The Film Gang from KSQD
The Film Gang from KSQD
The Film Gang Review: C'mon C'mon
Loading
/

 

A single man gets a taste of parenthood in C’mon C’mon, the new indie drama written and directed by Mike Mills. Joaquin Phoenix stars as Johnny, a radio journalist working in Detroit on a project involving children responding to big questions about life. When his sister, Viv, played by Gaby Hoffmann, has to leave her L.A. home for Oakland to help her estranged husband, she asks Johnny to babysit her nine-year-old son, Jesse. Johnny hasn’t seen either of them in over a year, so he graciously accepts, even though it means putting his work on hold.

Shortly after the happy reunion, Jesse invites Johnny to join in on a game he invented called “Orphan.” Jesse pretends he’s an orphan in need of a home, and Johnny and Viv are supposed to offer him theirs and, in a dark twist that would have Freudian psychologists doing cartwheels, pretend they are parents of deceased children. Johnny, feeling creeped out, asks Jesse why he likes to play such an unsettling game. He never finds out. One of C’mon Cmon’s main themes begins to crystalize when Jesse asks blunt questions all too typical for a child his age, such as “Why are you alone?” which causes Johnny to become equally taciturn.
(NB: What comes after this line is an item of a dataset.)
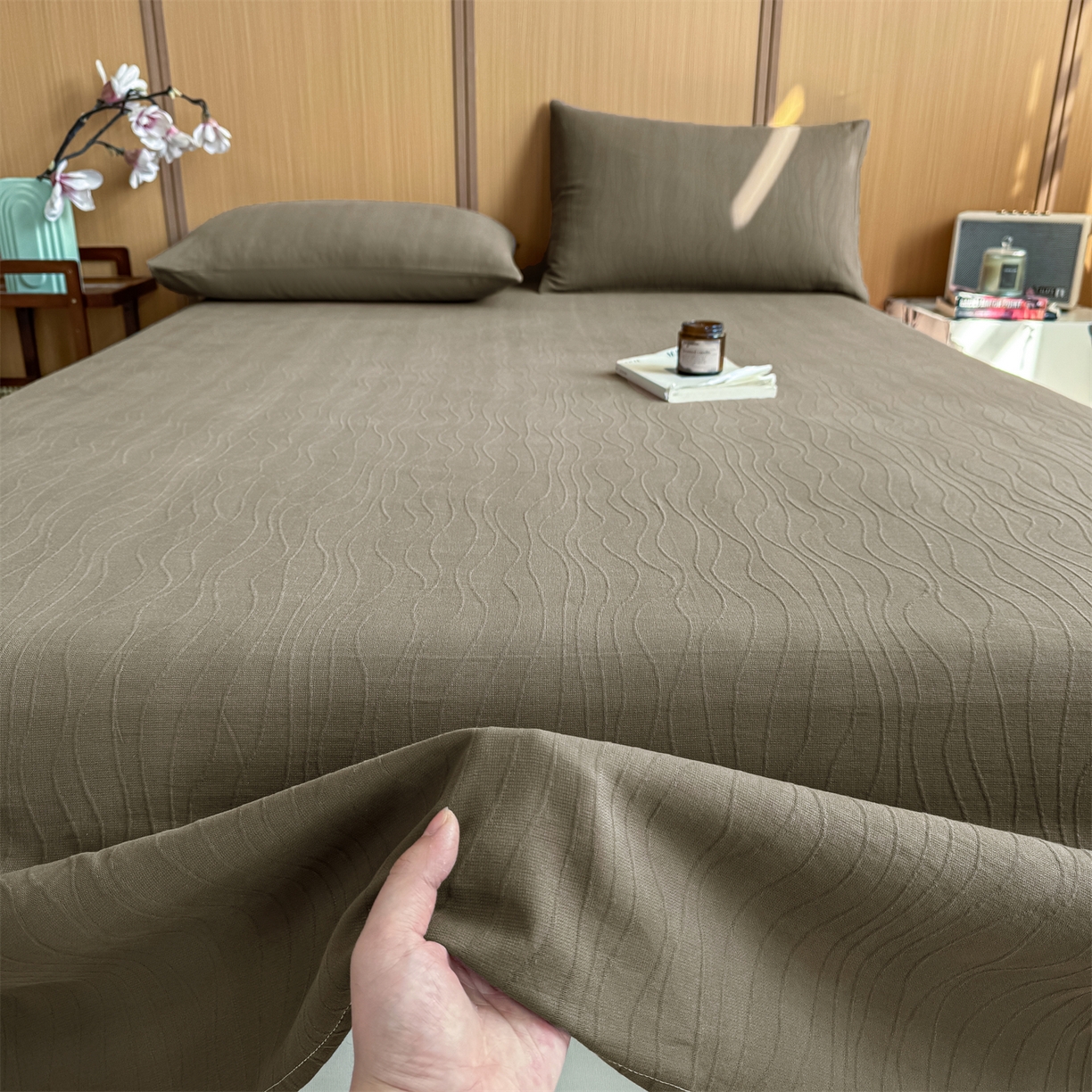 91家纺网 家纺一手货源 找家纺 灰鲸 2026新款全棉简约三层纱色织提花单品床单 浅忆-摩卡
After Viv’s sojourn gets extended, Johnny’s employers lean on him to complete his radio project, leading to a cross-country jaunt from L.A. to New York to New Orleans with Jesse in tow. The main drama hinges on Johnny and Jesse being stuck together on an unplanned trip fraught with tender highs and stressful lows, while sensitive Johnny struggles with his feelings, good and bad, towards little Jesse. Along the way, Johnny asks his child interviewees questions like “How do you imagine the future?” and “What scares you?” One contemplative boy expresses a fear of not being understood. Jesse tells Johnny that his mom once told him, “Even though we love each other, you’ll never understand everything about me, and I’ll never understand everything about you, and that’s just the way it is.” By moving from subtext to text, C’mon C’mon emphasizes one of its central leitmotifs – our inherent desire, and resulting inability, to truly know those we love.
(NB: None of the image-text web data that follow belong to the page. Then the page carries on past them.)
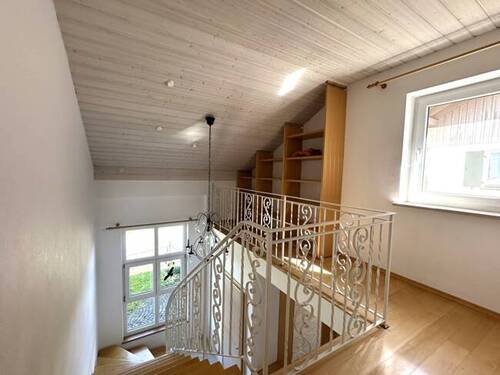  Treppenaufgang mit kleiner Galerie - 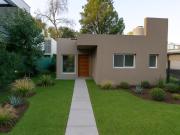 CASA EN VENTA EN CITY BELL DOS DORMITORIOS PARQUE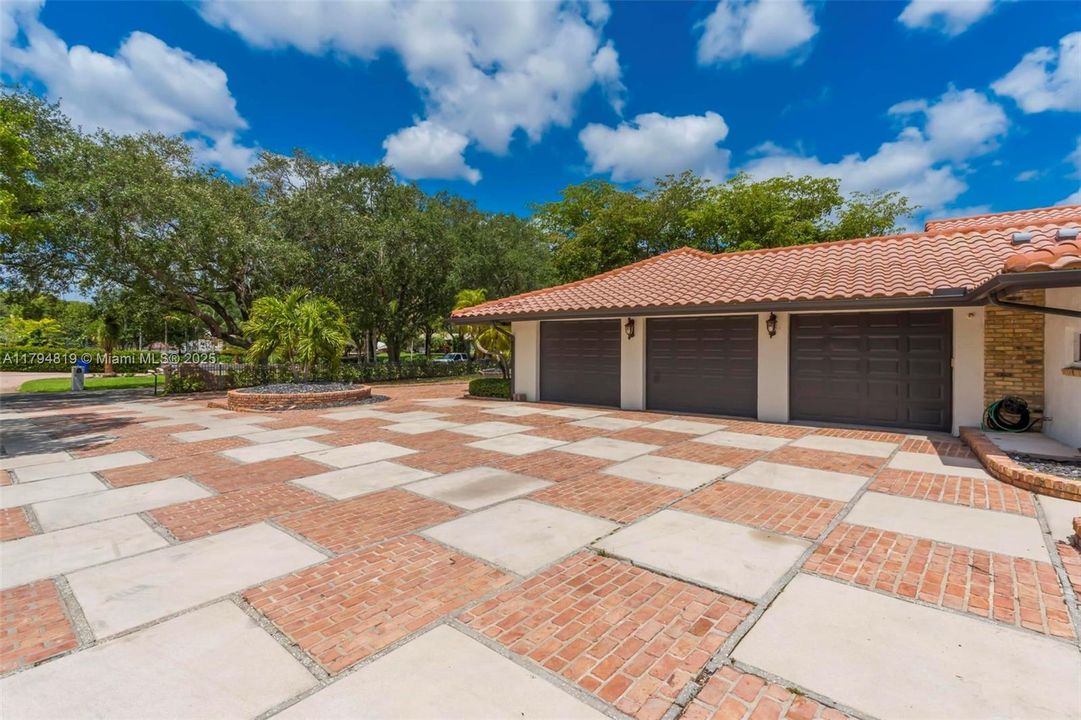 Recently Sold: $2,199,000 (6 beds, 5 baths, 6216 Square Feet)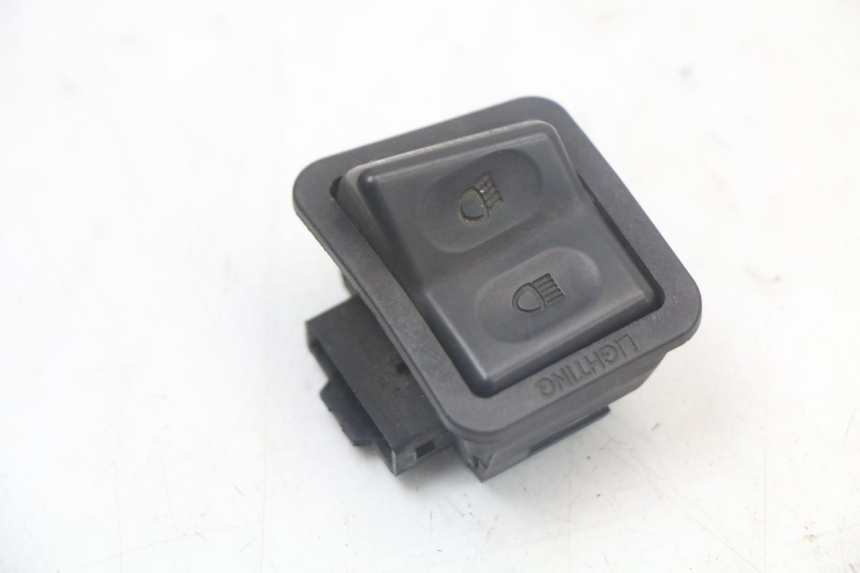 photo de INTERRUPTOR DE LUZ ALTA YAMAHA X-MAX XMAX 250 (2006 - 2009)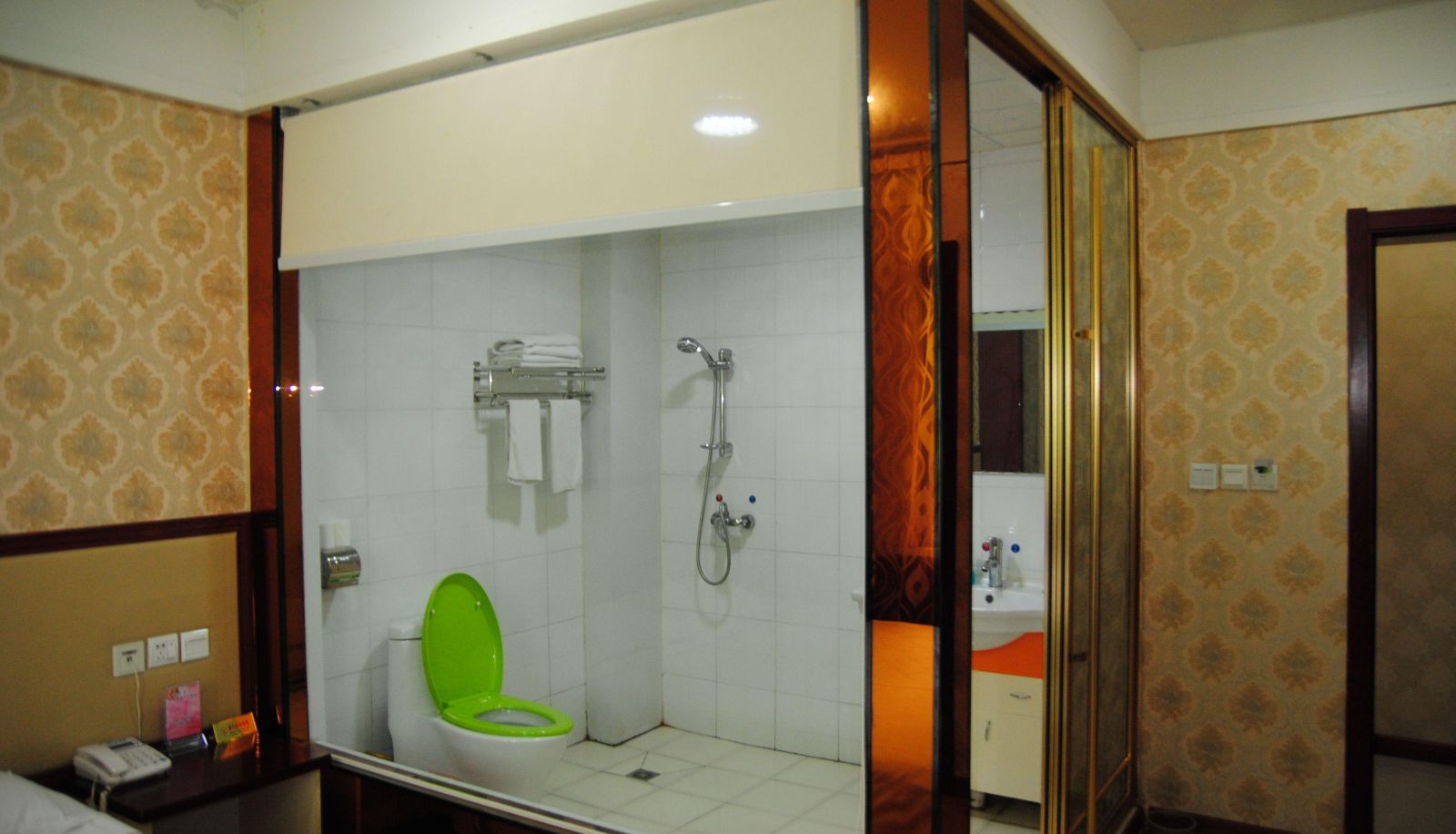 Room - Marriott Business Hotel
C’mon C’mon is shot in crisp, black & white cinematography, which raises the question, “Why?” Kenneth Branagh’s latest film, Belfast, uses black & white not unlike The Wizard of Oz. Wes Anderson forgoes color in a section of The French Dispatch to deliver a sly nod to France’s nouvelle vague. And Joel Coen’s use of black & white in his upcoming film, The Tragedy of Macbeth, follows in the footsteps of the great German expressionists by manipulating light and shadow to convey the ineffable. Aside from the retro aesthetic inherent in every modern-day black & white film, there is no obvious reason for C’mon C’mon to be shot that way; compared to other contemporary releases, eschewing color feels more pretentious than artistic.
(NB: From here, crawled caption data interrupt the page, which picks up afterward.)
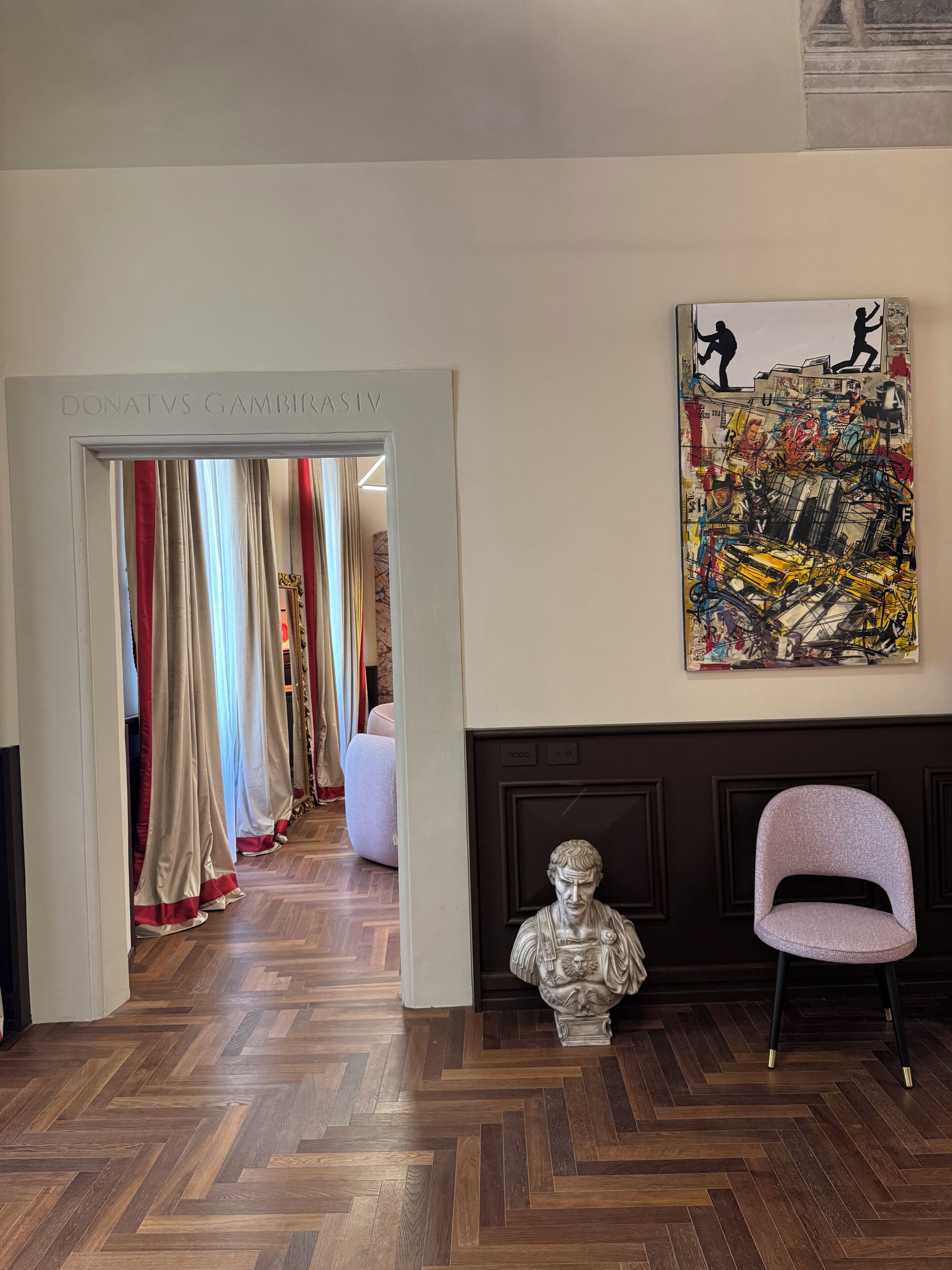 Presidential Suite, Terrace | Living area | 40-inch Smart TV with digital channels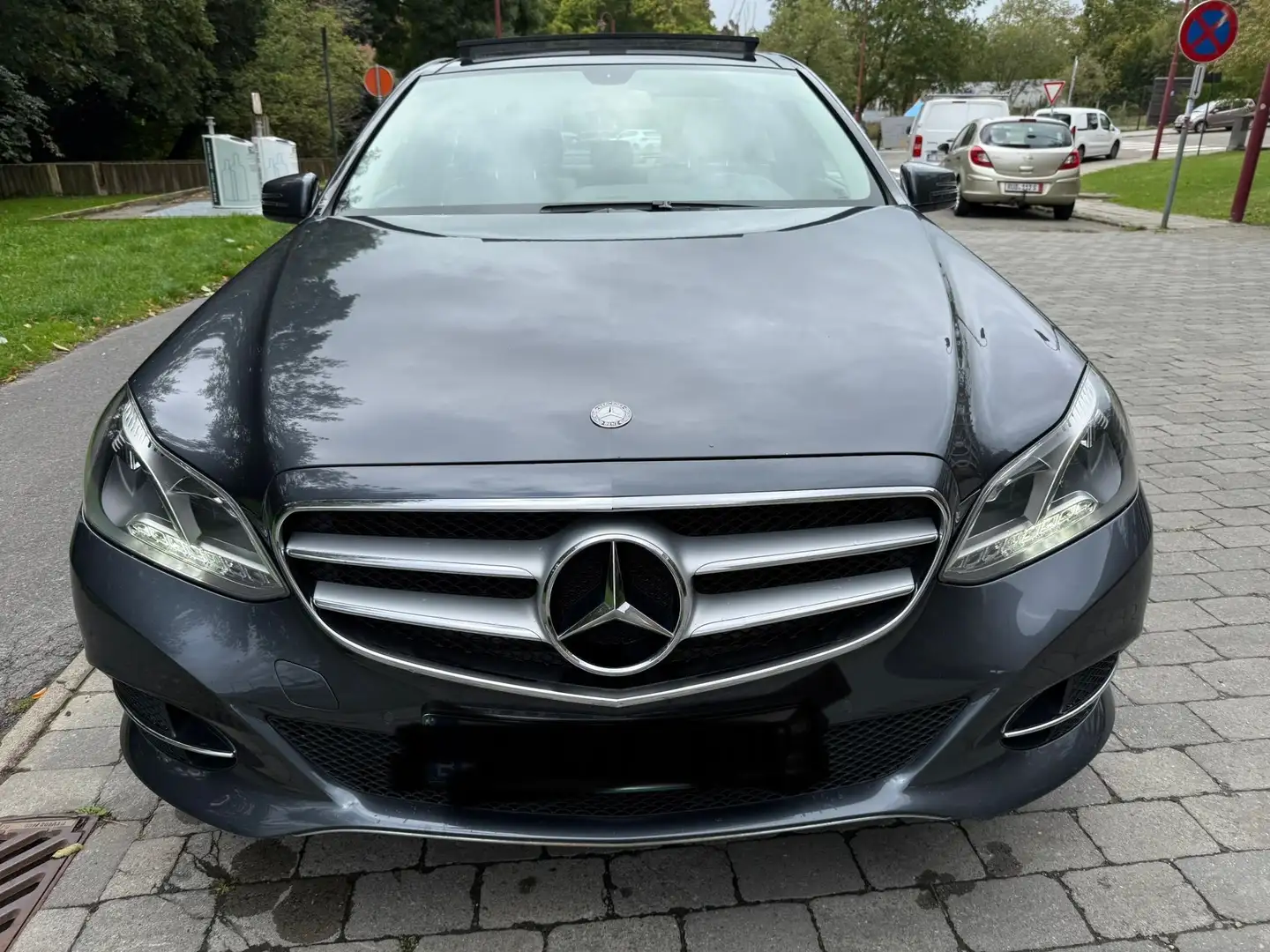 Mercedes-Benz E 220 E 220 BlueTEC BE Edition Gris - 2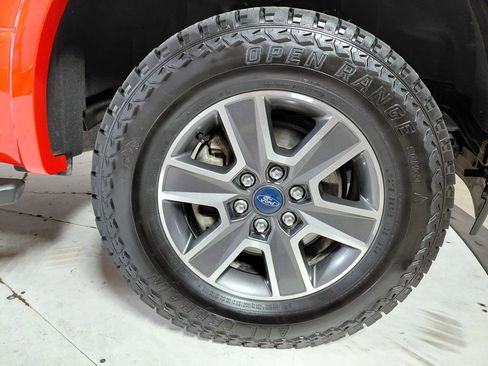 Used 2017 Ford F150 XLT w/ Equipment Group 302A Luxury image 9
Adults without offspring might appreciate C’mon C’mon for its authentic sampling of childcare challenges. It’s harder to gauge how parents will respond. They may feel validated by the day-to-day hard work on display, or just shrug it off with a “been there, done that.” It’s to C’mon C’mon’s credit that it creates such a strong sense of verisimilitude that by the end of the film we feel like we have been the ones tasked with babysitting.